Carsales has sported impressive growth since its inception and upon listing on the ASX in 2009 we were very interested in this speedily growing asset-light business. Concerns about valuation kept us at bay however, due to early valuation multiples trading at an altitude that would have many experienced mountain climbers reaching for their POISK oxygen cylinders.

While the company continues to trade at a premium to the broader market its superior growth profile, prospects and competitive position certainly warrant the premium. Indeed, trading on around 18x June 2012 and 16x June 2013 consensus earnings estimates, the stock looks enticing and we want a slice. has attained the leading position in online automotive advertising in the Australian market. The company is truly dominant, with some 75% of all time spent looking at automotive classified websites in Australia spent on one of the Carsales owned portfolio of websites.

Investment thesis

There are a number of factors we like about Carsales. They benefit from a durable competitive advantage known as the ‘network effect’ (more on this below), the business model is asset-light with high returns on equity, they possess pricing power and are cashed up with strong continuing free cash flow. The steady stream of cash flow gives them the flexibility to undertake capital management, buying back shares and a solid dividend.

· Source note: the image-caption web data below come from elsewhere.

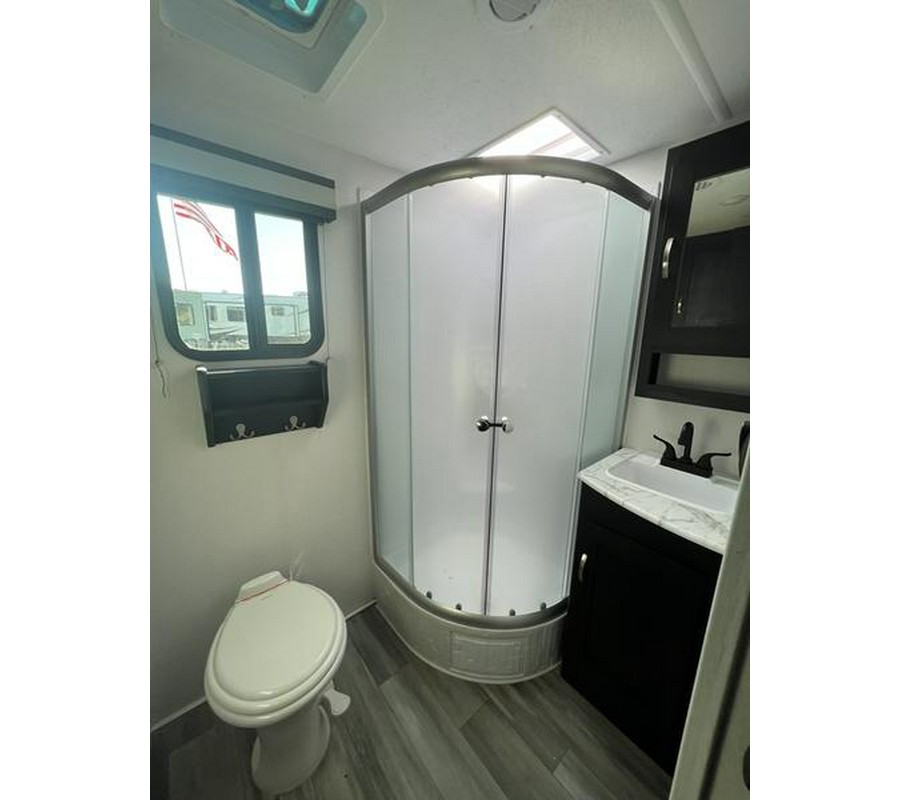 2022 Coachmen Freedom Express Ultra Lite 252RBS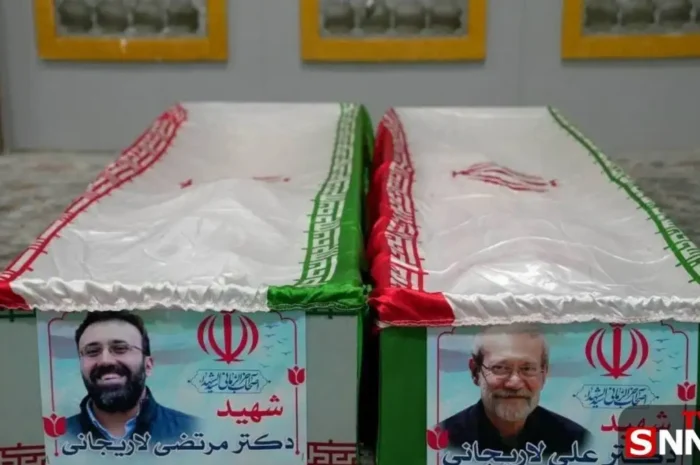 Ιράν: Οι πρώτες φωτογραφίες με τα φέρετρα του Αλί Λαριτζανί και του γιου του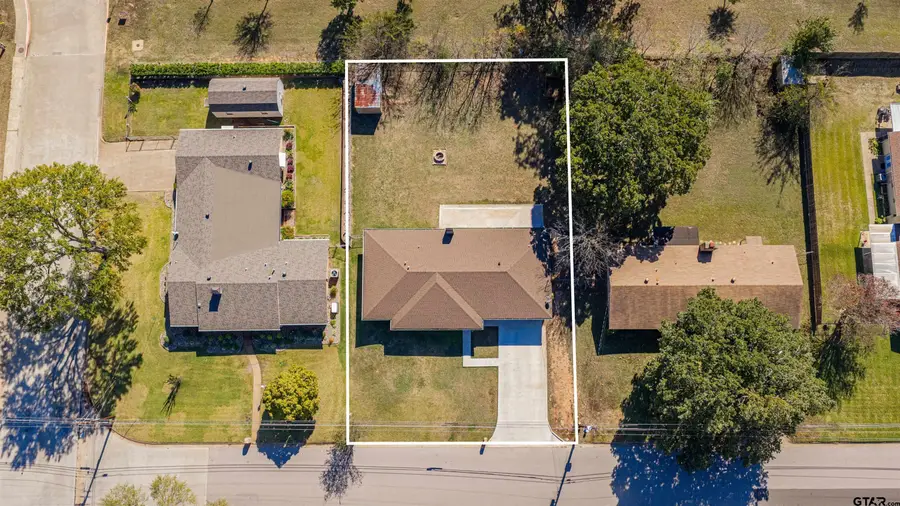 1404 E Leach, Kilgore, TX 75662 - Image #2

We have discussed before that it is desirable to find a company with a sustainable competitive advantage, often also called an ‘economic moat’.

The term (generally credited to Warren Buffet) refers to a business with the ability to maintain a competitive advantage over competitors. Just as in medieval times, moats protected castles from invaders; economic moats shield companies from competition, allowing them to benefit from excess economic returns over a longer period than would otherwise be expected. We believe Carsales has just such an economic moat, allowing it to benefit from higher margins – Carsales has fat EBITDA margins of 55%.

Just as technology evolved in warfare, providing attackers with methods to try to crack castle defences it is likely over time that a company's economic moat will be eroded, particularly because the high margins and return on equity are attractive targets for competitors seeking a piece of the pie.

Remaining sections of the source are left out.